Work order.
Go to the line with "18k Gold Diamond Convertible Earrings" in the material below and copy from there through the line with "Custom - Coral", exactly. Pictures are not copied.

───── Material supplied

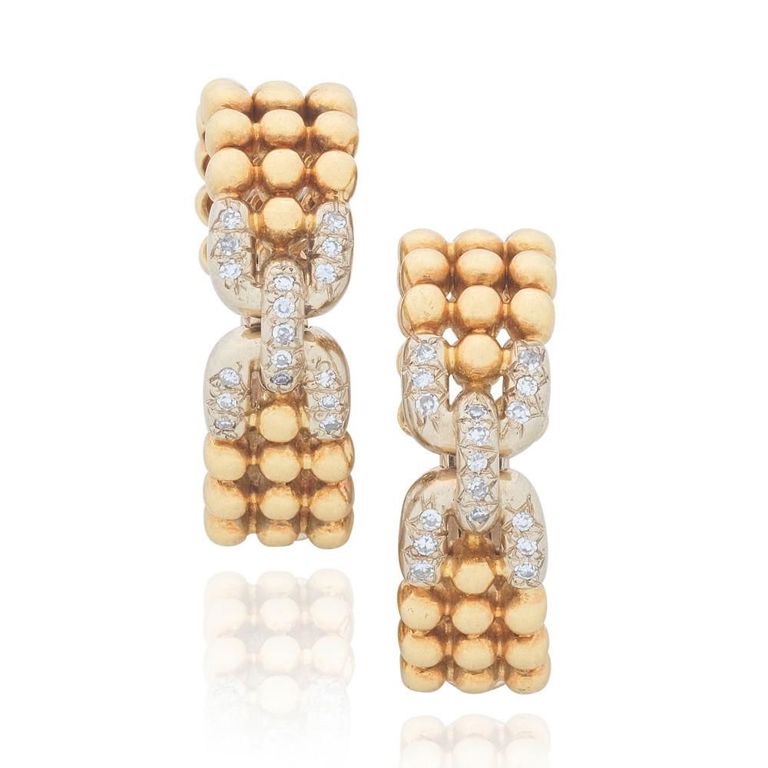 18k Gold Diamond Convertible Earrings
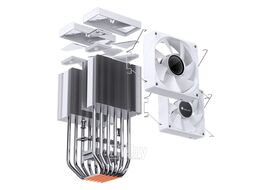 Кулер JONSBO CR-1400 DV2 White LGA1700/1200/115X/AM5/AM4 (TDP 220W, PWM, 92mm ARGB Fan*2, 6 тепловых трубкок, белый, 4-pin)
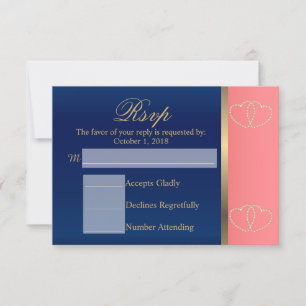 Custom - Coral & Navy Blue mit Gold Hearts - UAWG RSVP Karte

──────────
───── Material supplied

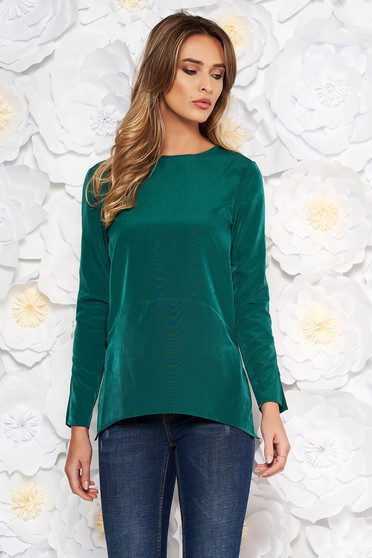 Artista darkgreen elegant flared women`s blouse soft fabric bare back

──────────
───── Material supplied

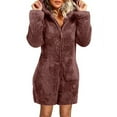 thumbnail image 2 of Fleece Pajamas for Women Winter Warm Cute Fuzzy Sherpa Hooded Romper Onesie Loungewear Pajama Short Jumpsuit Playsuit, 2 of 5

──────────

Your response.
 18k Gold Diamond Convertible Earrings
 Кулер JONSBO CR-1400 DV2 White LGA1700/1200/115X/AM5/AM4 (TDP 220W, PWM, 92mm ARGB Fan*2, 6 тепловых трубкок, белый, 4-pin)
 Custom - Coral & Navy Blue mit Gold Hearts - UAWG RSVP Karte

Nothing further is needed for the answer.